Nick Frost lived out his childhood dream with Fighting With My Family

Nick Frost talks Fighting With My Family

Fighting With My Family tells the true story of how Paige went from the obscurity of amateur wrestling in Eastern England to one of the most acclaimed stars of the WWE.

Written and directed by The Office’s Stephen Merchant, Fighting With My Family is as hilarious as expected, while also being surprisingly heartfelt. Having already seen the English documentary that the film is based on, Nick Frost, who plays the father to Florence Pugh’s Paige, knew that Merchant could work wonders with the material. 

But he also saw it as an opportunity to live out a childhood dream and become a wrestler, too. 

Nick Frost talks Fighting With My Family

“I was a big wrestling fan. Ever since I was a kid. The Wide World Of Sports with Dicky Davies, Giant Haystacks and Big Daddy,” he tells Metro. “We actually trained for 2 weeks for this to become a proper wrestler. It actually made realize the similarity between acting and performing”

“If you trust the person you are there with you can perhaps leave a little bit of yourself there, physically and emotionally. There are little hints and tips to tell that person what you are going to do next. It is a performance, you are not there to actually kill each other. That is what UFC is for.”

Frost doesn’t have time for people that dismiss wrestling because it isn’t real. “It is allowed to not be real,” he declares. “The bit that isn’t real is the larger than life characters. But the bits that are real are the fact that people are incredible athletes, and without thinking they will put their bodies on the line to entertain mere mortals like us.”

This wasn’t the first time that Frost had partaken in wrestling, though. The Spaced and Hot Fuzz star admits that he and his frequent collaborator Simon Pegg had a period where they “were doing a lot of backyard wrestling.” One drunken wrestle saw Frost power-bomb Pegg through his bed, shattering it instantly. 

“As I stood back up Simon pointed out that my thumb was hanging off,” adds Frost. “I relocated it twice and it kept on rolling out of the socket. So I taped it back into position. I always loved that feeling of having a good wrestle.”

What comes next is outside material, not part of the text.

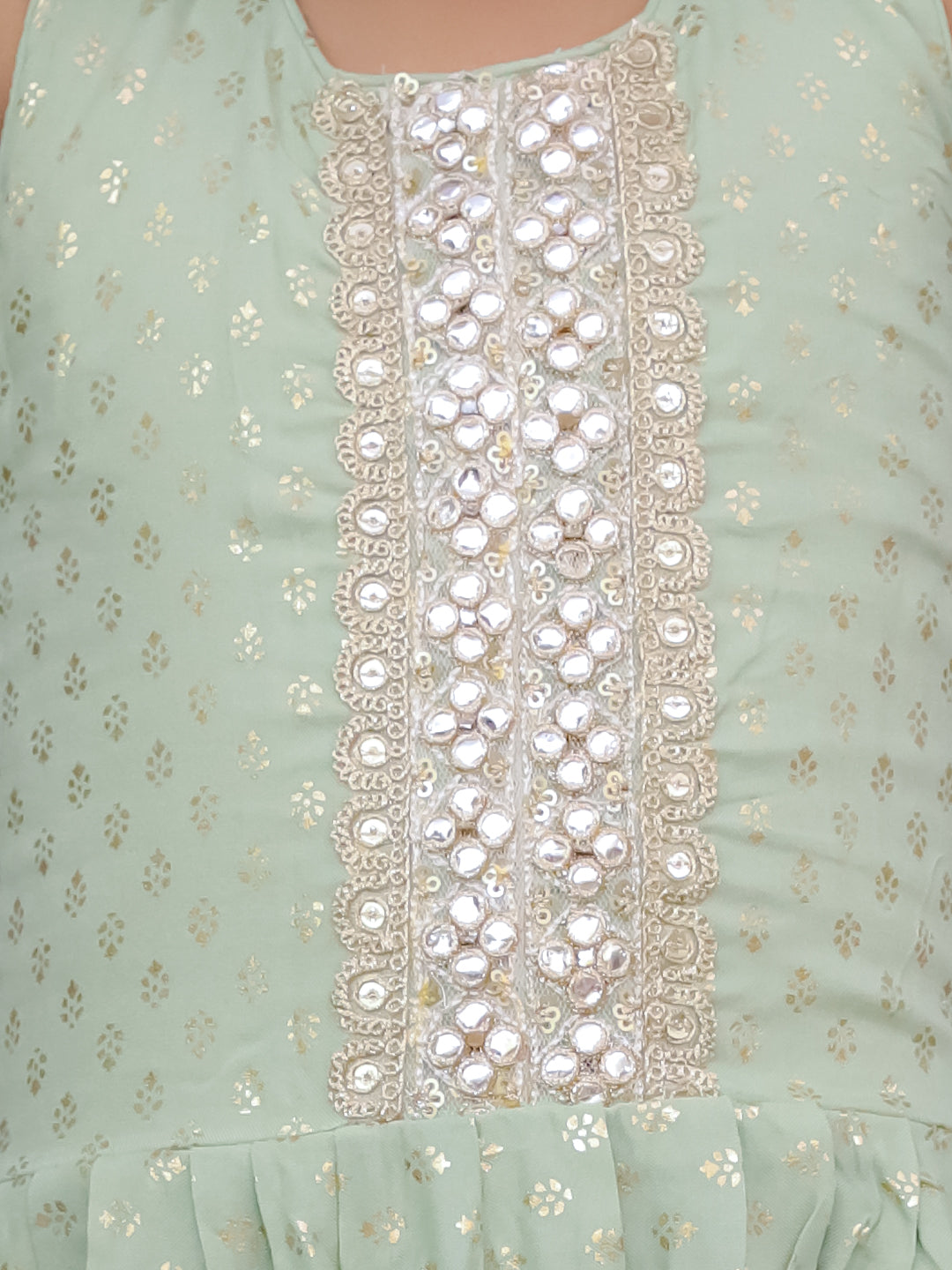 Fusion Fair Girls Green Dhoti Jumper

But while wrestling obviously plays a key part in Fighting With My Family, Frost is keen to stress that at its core it “is a family film. A great family film. It just happens to have wrestling in it. That shouldn’t put anyone off. If you have a family that you can laugh with and have rows with and are noisy with then you’ll love it.”

Nick Frost talks Fighting With My Family

And while Frost only met actually met Paige when Fighting With My Family premiered at the Sundance Film Festival, he is clearly enamored with her and the incredible journey that she and her family have gone through. 

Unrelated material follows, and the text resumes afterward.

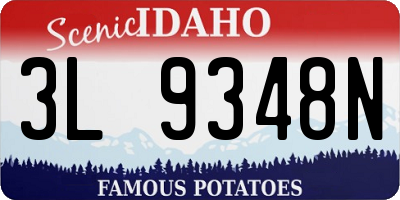 ID license plate 3L9348N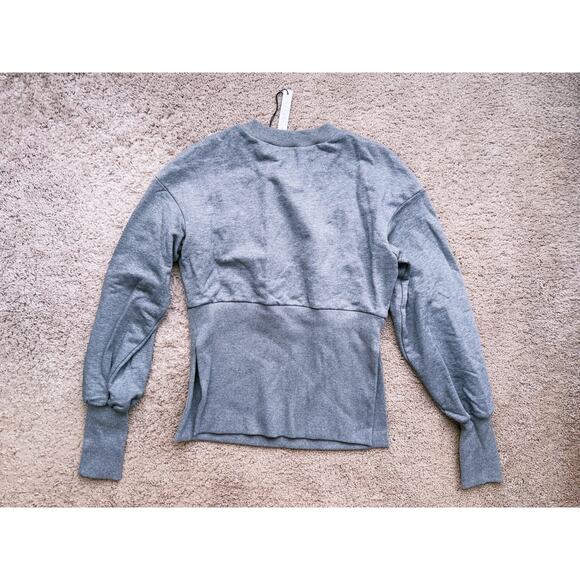 NWT Susana Monaco Cinched Knit Sweatshirt Blouson Bust Small Gray Capsule Layer - Picture 5 of 8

“She is so lovely, passionate and funny and completely normal. She has, they all have worked so hard. They have had a tough life. Seeing them succeed, it makes me happy. It is an utterly thankless task running something like the WAW in East Anglia.”

“That is how British wrestling began, really. Wrestling for hardly any money, knocking down the ring themselves, putting it back up, traveling around, that is all passion. There was not much money. Ricky and Julia and the kids do it because they love wrestling.”

Fighting With My Family is released February 14.